Graph by Daily Case Counts

Graph showing COVID-19 trends in Arizona. The low point was during the stay at home order in Spring of 2020, and the high point was December of 2020.

At the 7 p.m. meeting on Jan 13, the CUSD Governing Board voted 3-2 in favor of sending students back to school in-person after MLK day. 

The meeting opened as usual with a roll call and the Pledge of Allegiance, however, President Barb Mozdzen then opened up the floor to citizen comments. Out of the 30 speakers, 21 spoke in favor of going to school in-person, 6 preferred virtual learning, and 3 were unclear about what mode of instruction they were in favor of. 

Multiple CUSD students spoke in favor of returning in-person, listing their mental health, issues focus, and declining grades as their reasoning. A twelve year old student from CTA Liberty explained that virtual learning is “just not the same” as in-person instruction. Another speaker, a Chandler parent, echoed this, stating “virtual learning is inadequate.” 

Michelle Swartz, the math department chair at Casteel High School, was among these supporters. She credited the mitigation efforts set in place by the district and claimed that she “feel[s] safest at school.”

On the opposite side of the spectrum, those requesting that students stay online explained their worry for the community, citing the spike in Arizona COVID-19 cases as their concern. “Keep classes virtual until it is safe for all of us,” one parent explained. Yet another speaker countered that claim, stating “our state is open and operating. Our schools must to.” 

This argument arose out of the fact that Arizona is now considered a “hot spot” for the virus. Board member Lindsay Love mentioned this multiple times. 

According to Maricopa County’s COVID-19 data, increased exponentially over the course of December, and between the board meeting and publishing this story, the state will have gained 7,000 new cases. 

For a brief period during the meeting Love proposed a virtual option besides COA to give families the choice. This proposition was shot down by Dr.
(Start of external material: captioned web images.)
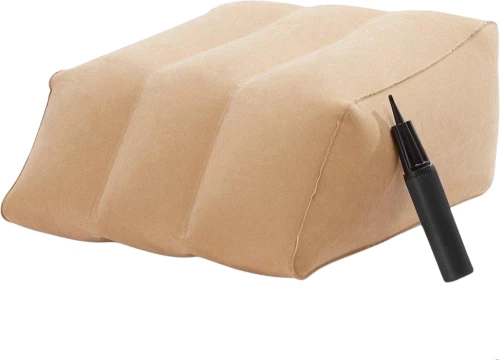 Μαξιλάρι φουσκωτό ανάπαυσης ποδιών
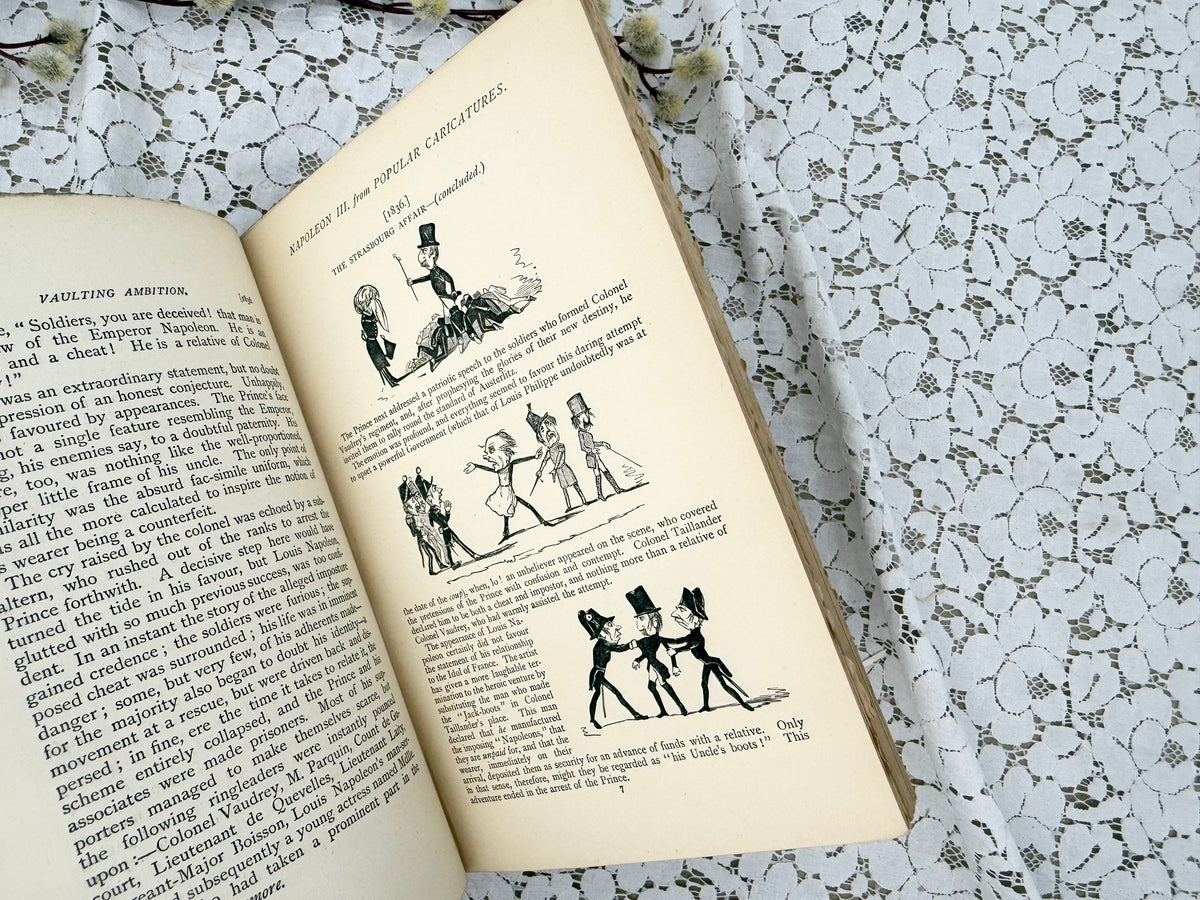 Popular Caricature Book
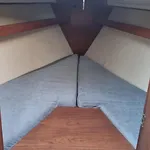 Úszó hotel Cozy Sailboat In Göteborg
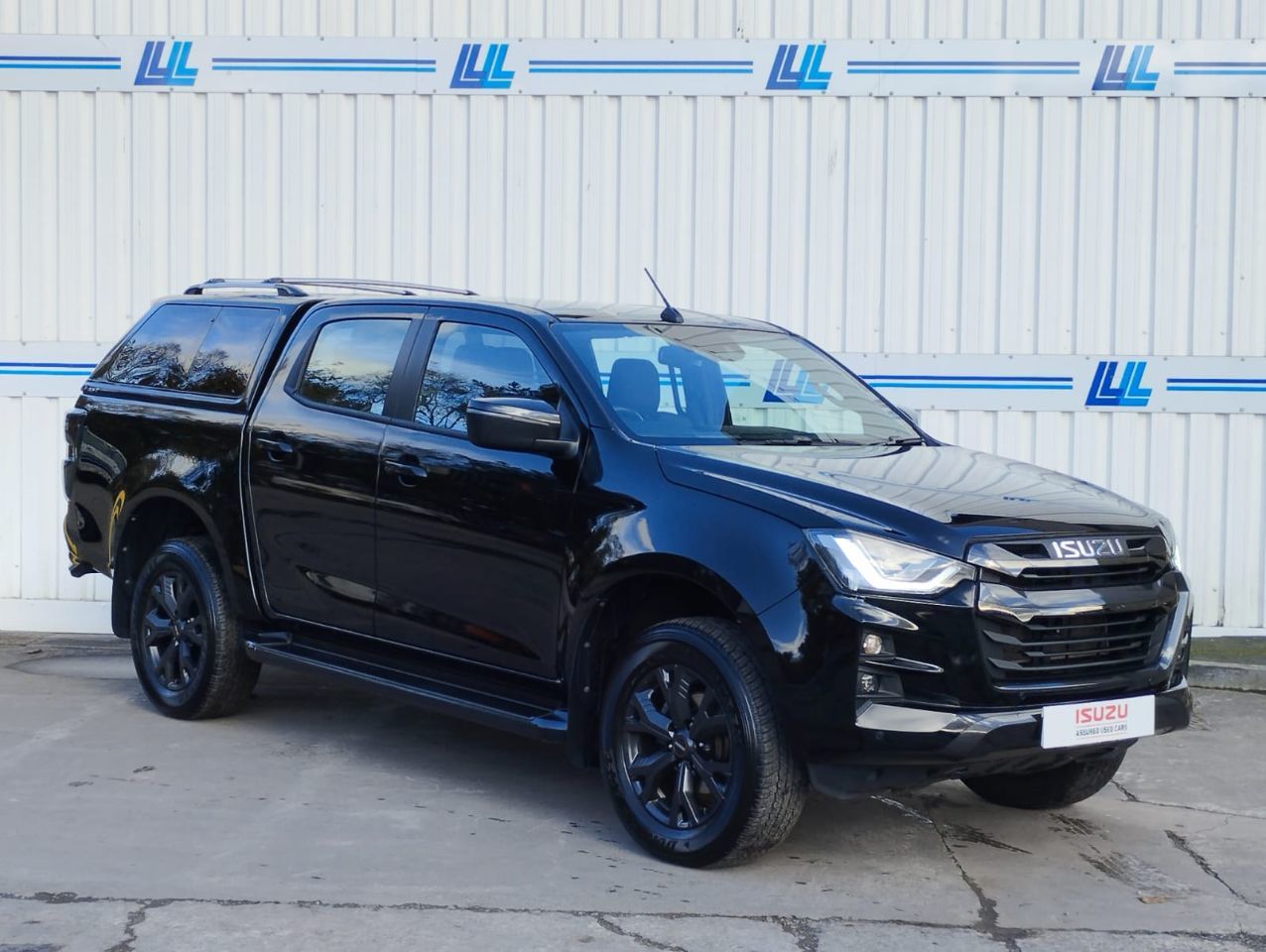 2024 Isuzu D-max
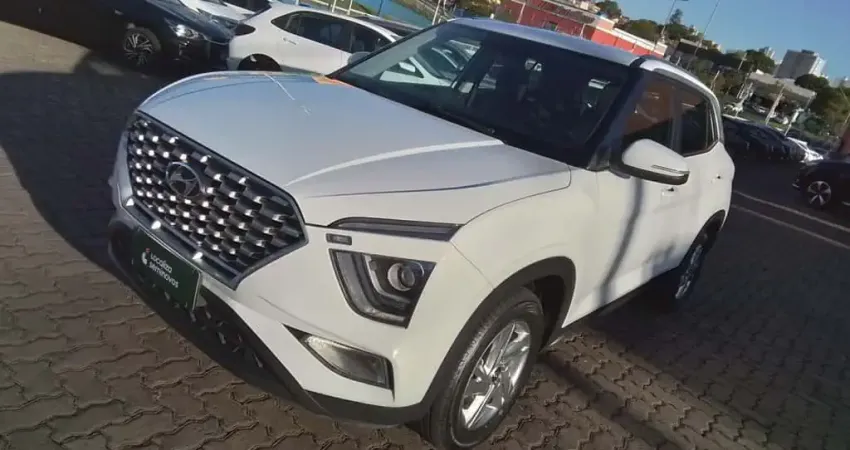 Hyundai Creta 2024 1.0 tgdi flex comfort plus automático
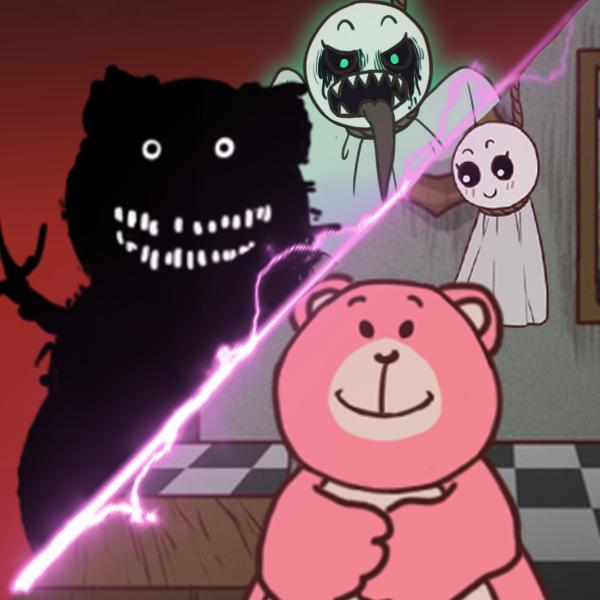 黑夜别敲门小游戏 2.0最新版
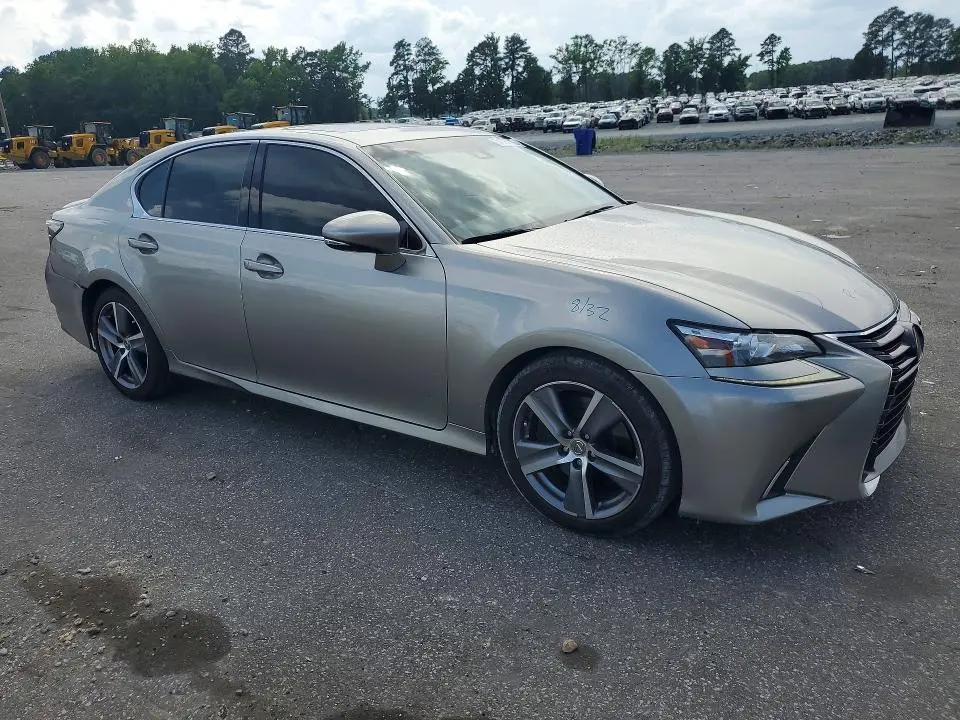 2017 LEXUS GS 350 BASE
Craig Gilbert, who noted that there are not enough teachers or resources to offer both online and virtual classes at once. 

The board’s vote comes after Arizona Governor Doug Ducey’s “State of the State” address during which he threatened to pull funding from public schools that remain virtual. “We will not be funding empty seats or allowing schools to remain in a perpetual state of closure,” he said. Ducey’s comment was also mentioned at the board meeting, where in the past, many community speakers have accused the district of prioritizing funding over students’ wellbeing. 

It seems too short of a period and too soon to determine whether students’ two week online hiatus will have an effect on the county’s positive cases. Regardless, CUSD schools will open their doors to receive students in-person on Jan 19.